Adaptation in rice to live in water:
1- They grow taller so the top part of the plant is not submerged, this allows gases to be
exchanged compared to when its fully submerged where its hard for gas exchange to take
place as much less O2 and CO2 are present (only small amount dissolves in water)
2- Have specialized tissue called aerenchyma – it is plant tissue containing air spaces that
allows gases such as oxygen to reach the roots so the roots can respire aerobically
3- Ethanol fermentation takes place often due to lack of oxygen, ethanol is toxic. So the rice
plant has adaptations to be able to resist the build up of ethanol. Such as being able to
tolerate ethanol and having large amounts of ethanol dehydrogenase to oxidize ethanol
back into ethanal.

Respiratory substrates and respiratory quotients:

As you can see, lipids have the highest energy density. Because lipids contain many
hydrogen bonds, so when oxidized many H released that reduce NAD+ to NADH and FAD
to FADH2.
The more the NADH and FADH2 means more NADH and FADH2 get oxidized in oxidative
phosphorylation and release their electrons to the ETC, so more ATP generations. Also
more H2O molecules produced (2H+ + 2e- + O → H2O)
So the more the H present in a molecule, the more ATP is produced.
RQ = VOLUME-MOLES-MOLECULES of CO2 produced / VOLUME-MOLES-
MOLECULE of O2 consumed

Ratio of CO2 released to O2 consumed.

Glucose has a ratio of 1:1 so RQ of 1.0

However other respiratory substrates have different RQ values.

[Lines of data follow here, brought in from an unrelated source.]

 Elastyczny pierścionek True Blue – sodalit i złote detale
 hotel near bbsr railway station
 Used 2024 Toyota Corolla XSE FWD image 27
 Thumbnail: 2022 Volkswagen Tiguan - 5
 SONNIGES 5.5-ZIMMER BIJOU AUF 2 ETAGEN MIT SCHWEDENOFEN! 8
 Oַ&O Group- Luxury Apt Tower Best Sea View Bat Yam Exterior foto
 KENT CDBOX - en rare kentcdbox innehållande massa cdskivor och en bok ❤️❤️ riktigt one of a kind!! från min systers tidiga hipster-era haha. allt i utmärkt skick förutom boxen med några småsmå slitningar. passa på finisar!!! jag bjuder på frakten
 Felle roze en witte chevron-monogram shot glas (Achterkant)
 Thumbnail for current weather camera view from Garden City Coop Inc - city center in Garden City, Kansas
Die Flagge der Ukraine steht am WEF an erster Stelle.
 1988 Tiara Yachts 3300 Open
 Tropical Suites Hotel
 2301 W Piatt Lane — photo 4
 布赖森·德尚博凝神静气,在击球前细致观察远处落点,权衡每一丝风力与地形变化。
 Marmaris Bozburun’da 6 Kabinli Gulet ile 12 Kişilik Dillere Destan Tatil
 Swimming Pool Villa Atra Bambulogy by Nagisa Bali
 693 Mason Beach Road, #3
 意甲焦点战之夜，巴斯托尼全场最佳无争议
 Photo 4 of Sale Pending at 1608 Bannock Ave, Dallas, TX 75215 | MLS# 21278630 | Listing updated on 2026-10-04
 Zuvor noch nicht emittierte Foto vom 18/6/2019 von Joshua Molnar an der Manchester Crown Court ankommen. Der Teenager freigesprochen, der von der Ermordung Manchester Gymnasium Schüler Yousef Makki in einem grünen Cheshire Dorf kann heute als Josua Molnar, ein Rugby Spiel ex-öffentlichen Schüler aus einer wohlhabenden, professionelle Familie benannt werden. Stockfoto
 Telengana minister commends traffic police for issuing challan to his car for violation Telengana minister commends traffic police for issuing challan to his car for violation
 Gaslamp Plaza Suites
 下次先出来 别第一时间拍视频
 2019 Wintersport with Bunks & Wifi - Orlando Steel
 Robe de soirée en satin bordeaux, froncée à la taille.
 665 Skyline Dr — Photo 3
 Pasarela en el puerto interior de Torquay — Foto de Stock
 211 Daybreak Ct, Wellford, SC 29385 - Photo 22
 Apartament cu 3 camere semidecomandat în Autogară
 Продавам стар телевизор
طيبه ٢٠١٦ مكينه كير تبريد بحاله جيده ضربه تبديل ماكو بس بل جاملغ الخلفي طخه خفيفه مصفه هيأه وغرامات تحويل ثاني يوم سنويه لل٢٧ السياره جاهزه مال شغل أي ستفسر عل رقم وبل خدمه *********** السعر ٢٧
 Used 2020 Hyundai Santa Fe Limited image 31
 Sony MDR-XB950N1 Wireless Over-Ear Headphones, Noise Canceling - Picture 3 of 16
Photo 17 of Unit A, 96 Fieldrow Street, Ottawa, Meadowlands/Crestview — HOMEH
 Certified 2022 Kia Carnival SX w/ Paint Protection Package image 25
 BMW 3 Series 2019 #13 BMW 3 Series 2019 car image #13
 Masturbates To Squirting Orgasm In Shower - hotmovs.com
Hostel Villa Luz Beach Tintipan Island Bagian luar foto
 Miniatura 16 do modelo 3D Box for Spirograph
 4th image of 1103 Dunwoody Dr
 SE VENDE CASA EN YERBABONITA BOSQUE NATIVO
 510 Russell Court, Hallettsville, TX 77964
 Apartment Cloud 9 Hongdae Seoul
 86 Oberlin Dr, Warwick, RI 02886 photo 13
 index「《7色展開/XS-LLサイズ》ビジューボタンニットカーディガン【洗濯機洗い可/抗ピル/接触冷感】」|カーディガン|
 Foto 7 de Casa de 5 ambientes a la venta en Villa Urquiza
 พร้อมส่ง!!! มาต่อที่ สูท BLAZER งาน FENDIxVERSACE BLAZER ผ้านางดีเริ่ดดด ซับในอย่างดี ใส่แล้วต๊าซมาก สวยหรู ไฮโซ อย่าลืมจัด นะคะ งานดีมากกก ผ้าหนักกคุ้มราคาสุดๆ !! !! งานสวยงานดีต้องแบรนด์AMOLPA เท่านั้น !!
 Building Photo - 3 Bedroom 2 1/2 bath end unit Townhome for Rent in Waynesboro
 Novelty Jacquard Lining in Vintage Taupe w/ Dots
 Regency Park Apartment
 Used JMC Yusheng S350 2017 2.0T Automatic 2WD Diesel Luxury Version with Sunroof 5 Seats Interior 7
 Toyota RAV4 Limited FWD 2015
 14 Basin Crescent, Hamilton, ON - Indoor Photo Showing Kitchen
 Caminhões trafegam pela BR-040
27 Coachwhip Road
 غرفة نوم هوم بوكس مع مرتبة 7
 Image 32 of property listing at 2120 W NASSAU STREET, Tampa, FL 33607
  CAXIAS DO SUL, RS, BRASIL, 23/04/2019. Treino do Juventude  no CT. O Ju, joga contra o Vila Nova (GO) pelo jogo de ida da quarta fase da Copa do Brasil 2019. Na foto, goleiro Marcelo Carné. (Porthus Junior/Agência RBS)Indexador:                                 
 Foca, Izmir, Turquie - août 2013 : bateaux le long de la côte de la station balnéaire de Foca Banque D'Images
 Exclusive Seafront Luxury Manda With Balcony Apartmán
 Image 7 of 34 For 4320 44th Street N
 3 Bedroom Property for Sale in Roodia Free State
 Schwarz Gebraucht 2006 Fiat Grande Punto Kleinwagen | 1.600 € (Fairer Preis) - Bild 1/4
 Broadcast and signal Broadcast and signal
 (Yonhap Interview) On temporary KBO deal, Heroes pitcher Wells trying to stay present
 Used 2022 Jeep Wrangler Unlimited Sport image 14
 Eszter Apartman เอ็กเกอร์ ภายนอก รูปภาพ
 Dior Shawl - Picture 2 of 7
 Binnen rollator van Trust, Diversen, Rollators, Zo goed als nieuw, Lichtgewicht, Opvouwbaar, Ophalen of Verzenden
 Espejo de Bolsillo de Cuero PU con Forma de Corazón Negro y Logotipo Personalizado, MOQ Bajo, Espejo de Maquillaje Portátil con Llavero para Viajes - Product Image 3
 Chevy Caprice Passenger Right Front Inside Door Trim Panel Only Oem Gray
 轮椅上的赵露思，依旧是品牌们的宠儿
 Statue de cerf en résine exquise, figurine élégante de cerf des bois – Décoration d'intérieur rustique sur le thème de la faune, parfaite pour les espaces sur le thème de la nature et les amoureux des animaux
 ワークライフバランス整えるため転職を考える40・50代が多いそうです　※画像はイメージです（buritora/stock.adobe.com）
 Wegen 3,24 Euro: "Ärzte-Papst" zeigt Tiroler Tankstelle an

Predict the nature of the respiratory substrate – C18H34O2

C18H34O2 + 25.5O2 → 18CO2 + 17H2O

RQ = 18/25.5 = 0.7
So it is a lipid.

RQ for ethanol fermentation:


When RQ is very high, ethanol fermentation is taking place.
C6H12O6 → 2C2H5OH+2CO2
RQ = 2/0 = ∞

RQ for lactate fermentation:


Glucose C6H12O6 → Lactic Acid 2C3H6O3
There is no RQ for lactate fermentation as no CO2 is released.